29/12/2017 at 09:40 by brad

I suppose this is the “proper” end of phase one. I’ve paid to ship the banana to Kuala Lumpur.

Stage one: Wash it. It was dirtier than the hard drive you keep in the back of the secret drawer. The one your girlfriend pretends to not know about, but inspires warm feelings in her for Dave at the office.

After this you get an escort to the cargo terminal of Kathmandu airport, where you need to crate it. The crate is made to the size of your bike by the exporter, in as close a fit as possible. This is because air shipments don’t really work on weight, they work on something called volumetric weight.

What this means, is that air freight parcels for a given size have a standard density applied to them, so for the size of my crate, the standardised weight was 391 KG, even though the actual weight of the bike and luggage was 325 KG. Annoying, because the banana is a tall, moderately wide, yet lightweight trails bike. Oh well.

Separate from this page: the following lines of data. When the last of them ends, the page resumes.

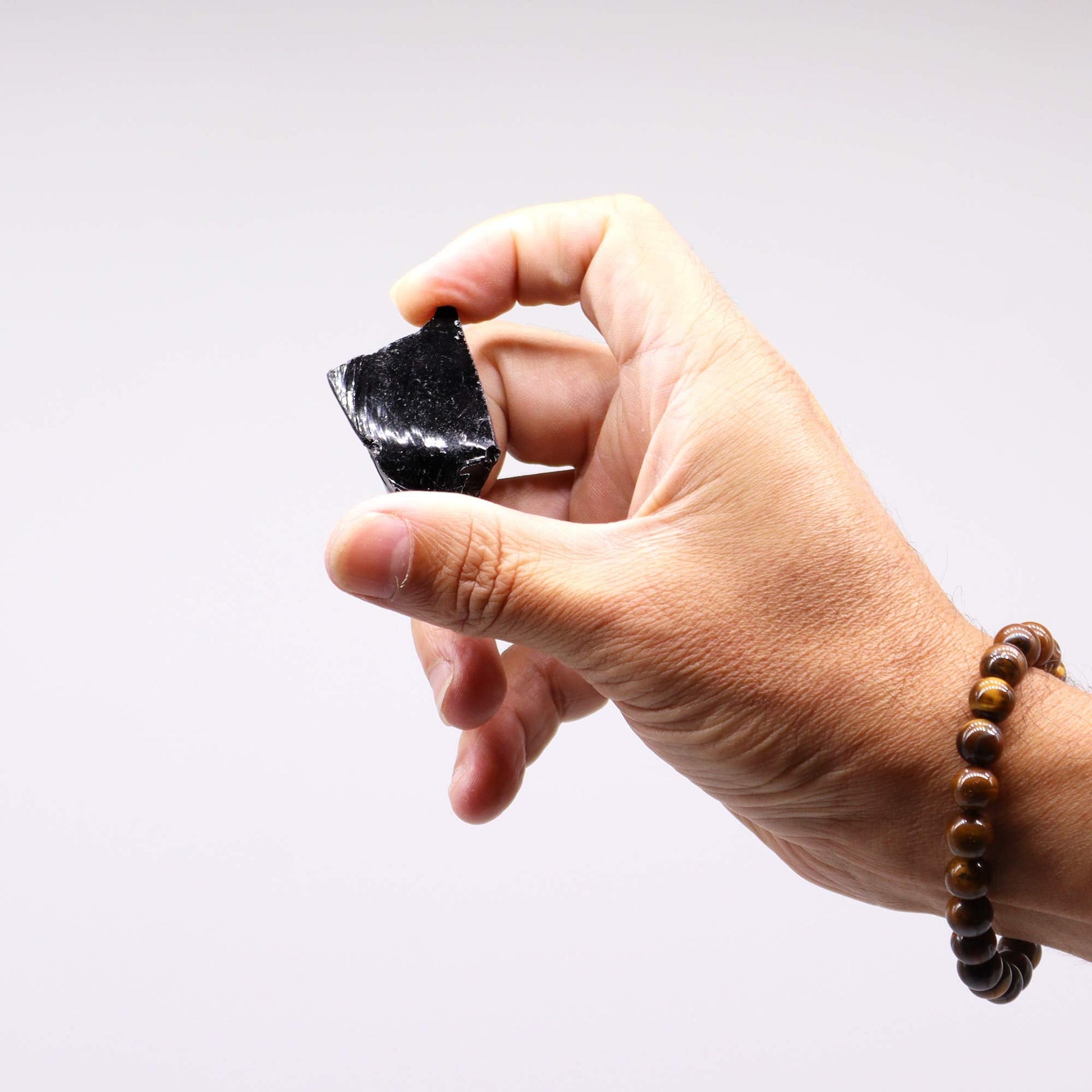 500g Raw Crystals - Black Agate product packaging on clean background from Quintessential Holistic Health Ltd
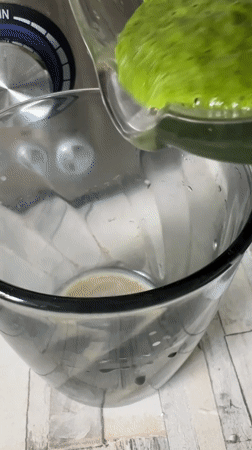 Bright green smoothie pours into a glass, close up.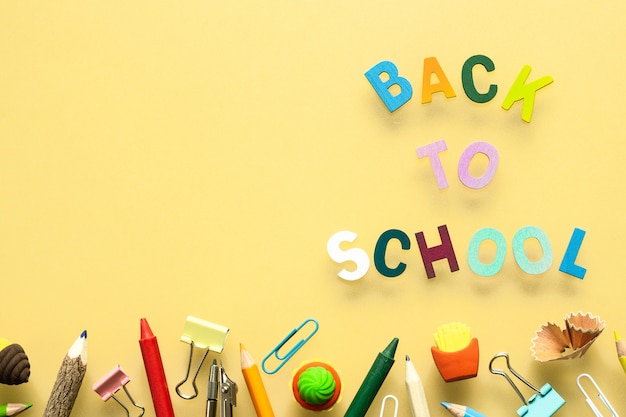 back to school wood text arrange on yellow background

Getting it into the crate requires a bit of disassembly. In my case this meant:

  • Removing the front wheel and fender
  • Unbolting the handlebar and taping it to the tank
  • Draining all but about half a litre of petrol
  • Deflating the tyres about halfway
  • Disconnecting the battery and taping over the connector
  • Removing the windscreen

Then you go mental with a hammer and nails, wait half an hour for an agent to come back with your stamped carnet and you’re done.

Then you go to the pub and start freaking out about everything that can break in transit. Then four beers in you stop giving a shit.